'''

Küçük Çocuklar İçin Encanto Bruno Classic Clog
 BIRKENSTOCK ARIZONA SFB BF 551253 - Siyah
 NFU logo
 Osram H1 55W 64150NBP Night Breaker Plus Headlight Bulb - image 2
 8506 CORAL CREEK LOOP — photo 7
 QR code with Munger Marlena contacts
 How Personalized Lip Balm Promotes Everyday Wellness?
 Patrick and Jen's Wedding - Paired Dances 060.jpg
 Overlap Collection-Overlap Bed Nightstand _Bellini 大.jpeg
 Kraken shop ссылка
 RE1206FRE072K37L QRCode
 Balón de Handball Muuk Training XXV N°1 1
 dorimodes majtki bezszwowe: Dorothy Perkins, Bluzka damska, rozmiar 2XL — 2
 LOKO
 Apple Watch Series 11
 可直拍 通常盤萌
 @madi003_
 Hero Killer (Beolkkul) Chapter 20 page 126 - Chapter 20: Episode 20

'''

- [To do]:
All of the records shown above should be reproduced exactly.

- [Exercise solution]:
Küçük Çocuklar İçin Encanto Bruno Classic Clog
 BIRKENSTOCK ARIZONA SFB BF 551253 - Siyah
 NFU logo
 Osram H1 55W 64150NBP Night Breaker Plus Headlight Bulb - image 2
 8506 CORAL CREEK LOOP — photo 7
 QR code with Munger Marlena contacts
 How Personalized Lip Balm Promotes Everyday Wellness?
 Patrick and Jen's Wedding - Paired Dances 060.jpg
 Overlap Collection-Overlap Bed Nightstand _Bellini 大.jpeg
 Kraken shop ссылка
 RE1206FRE072K37L QRCode
 Balón de Handball Muuk Training XXV N°1 1
 dorimodes majtki bezszwowe: Dorothy Perkins, Bluzka damska, rozmiar 2XL — 2
 LOKO
 Apple Watch Series 11
 可直拍 通常盤萌
 @madi003_
 Hero Killer (Beolkkul) Chapter 20 page 126 - Chapter 20: Episode 20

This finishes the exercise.